Sam Spade, el personaje de El halcón maltés (Dashiell Hammet, 1929) llevado al cine por John Huston, sirvió para la consagración de su director y de Bogart, y marcó el inicio del género del cine negro, destinado, hasta entonces, a la clase B de la Warner.

El otro detective privado fue Marlowe en Al borde del abismo (Howard Hawks, 1946) sobre novela de Raymond Chandler. Ambos personajes, Spade y Marlowe, estaban desencantados de sus propias vidas y de la sociedad que los rodeaba. Eran también escépticos de las leyes y sólo creían en su propia libertad. La ambigüedad de la moral y de los valores de estos personajes fascinó a los existencialistas franceses que bautizaron al género como “novela negra” cuando aparecieron en la posguerra en la colección de Gallimard dirigida por Marcel Duhamel. Además había en esas obras una cierta crítica de la realidad social y política –Hammet había sido marxista– de la que carecía el realismo poético francés reducido al ámbito de lo individual y de la fatalidad.

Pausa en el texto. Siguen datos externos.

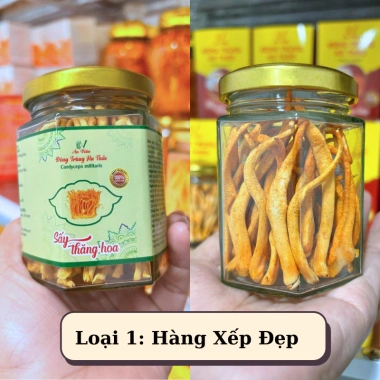 Nấm Đông Trùng Hạ Thảo Sấy Thăng Hoa 10g - Giá 99.000 | AN VIÊN HÀ NAM 10 Nấm Đông Trùng Hạ Thảo Sấy Thăng Hoa 10g - Giá 99.000 | AN VIÊN HÀ NAM 10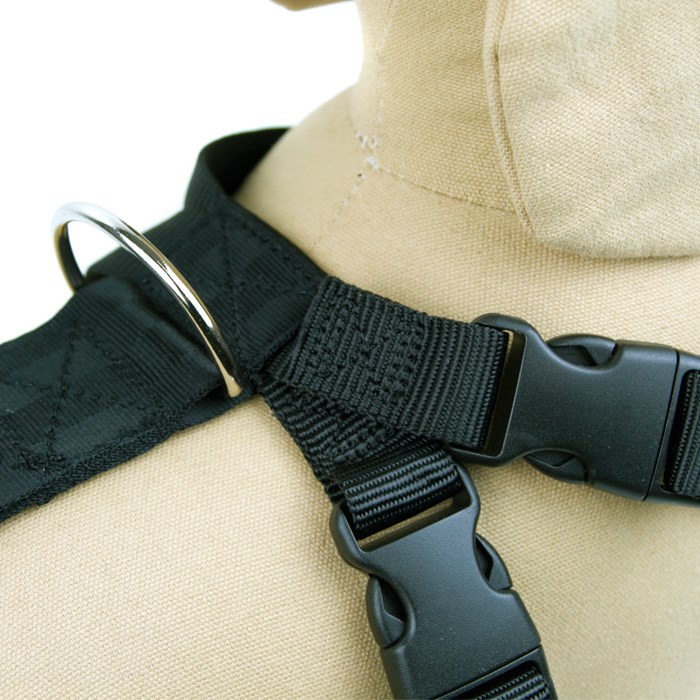 Great & Small Dog Car Harness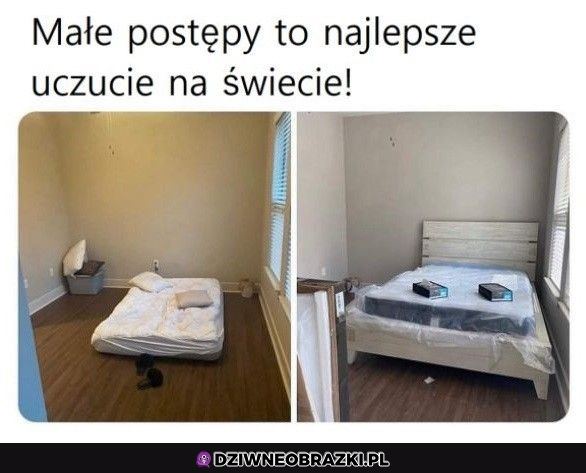 Dokładnie tak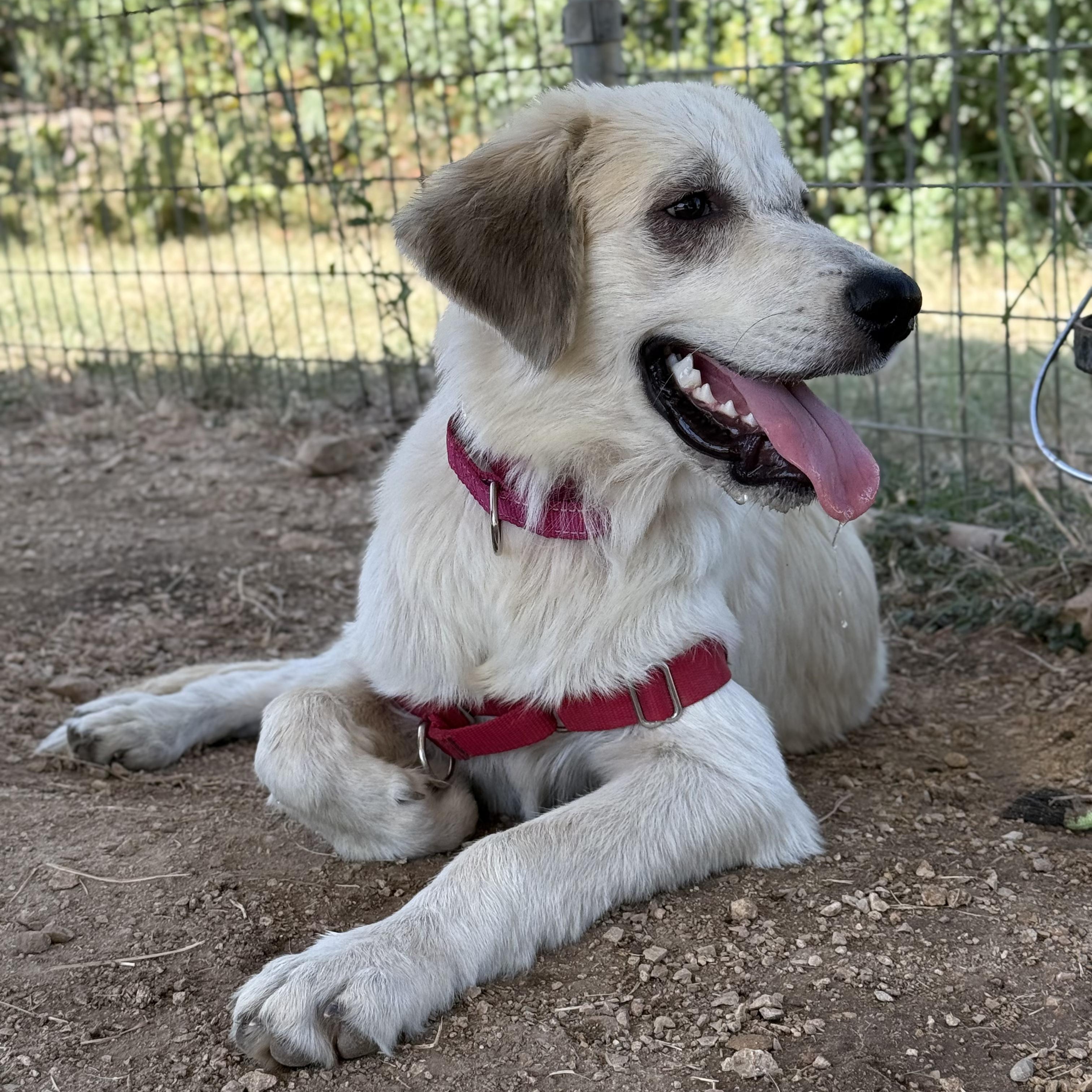 Enlarge Summer, a Adoptable mixed breed in Bulverde, TX image 3/5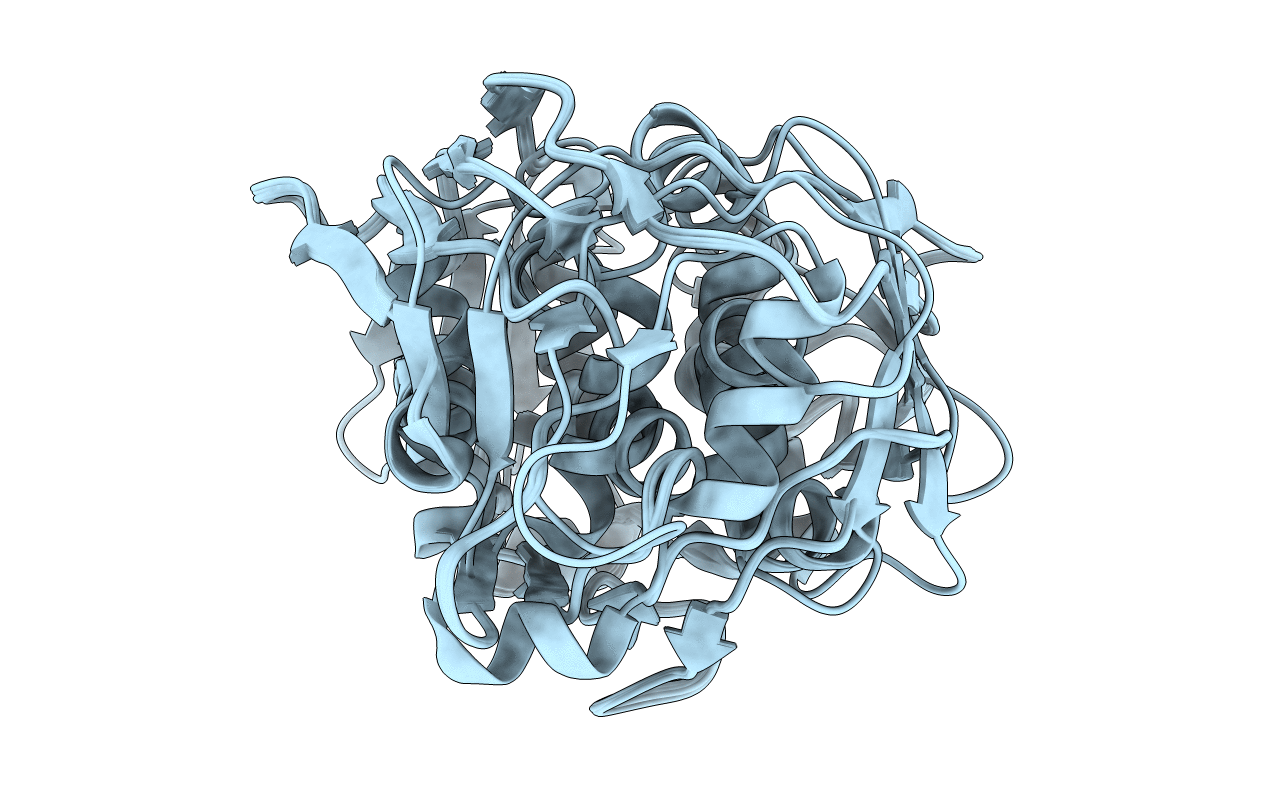 1P88 image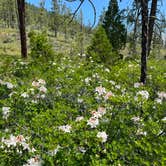 Review photo of Josephine Campground by Bill T., May 30, 2023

Un párrafo de la mejor novela de Chandler, El largo adiós, donde Marlowe habla de sí mismo, es útil para describir al personaje del hombre fatal del cine negro norteamericano: “Soy un lobo solitario. No estoy casado, estoy entrando en la edad madura y no soy rico (…) Mis padres han muerto, no tengo hermanos y si alguien llega a dejarme tirado en una callejuela oscura, nadie sentirá que ha desaparecido el sentido y fundamento de su vida”.

Bogart, con su estilo flemático, su vestimenta descuidada, el piloto con el cuello levantado, el andar desganado, el rostro a medio afeitar y surcado por arrugas, el gesto lacónico con un dejo desdeñoso al que contribuía la cicatriz del labio superior y el cigarrillo en la comisura, le dio carnadura e imagen al personaje de ficción. Así lo admitió el mismo Chandler: “Bogart es por cierto muy superior a todos los duros del cine (…) es duro aun sin revólver. Además tiene sentido del humor con ese sobreentendido áspero del desprecio”.
En Casablanca (Michael Curtiz, 1943), Bogart agregaba nuevas facetas al personaje. Sus pistoleros y detectives privados habían sido apolíticos. En cambio el cínico y escéptico Rick Blaine, dueño del cabaret nordafricano refugio de todos los apátridas de la guerra, había peleado por los republicanos en la Guerra Civil Española, y finalmente, pierde a la mujer que ama por salvar la vida de un militante antifascista.

Bogart, posteriormente, representó los papeles más diversos, incluso el de sacerdote, en filmes de desigual calidad, pero logró perdurar en los años cincuenta y sesenta porque su actuación peculiarmente understatement se adecuaba muy bien a la modalidad cool característica de la nueva generación. No es casual, entonces, que el actor emblemático de la nouvelle vague francesa, Jean Paul Belmondo, lo reconociera como su modelo.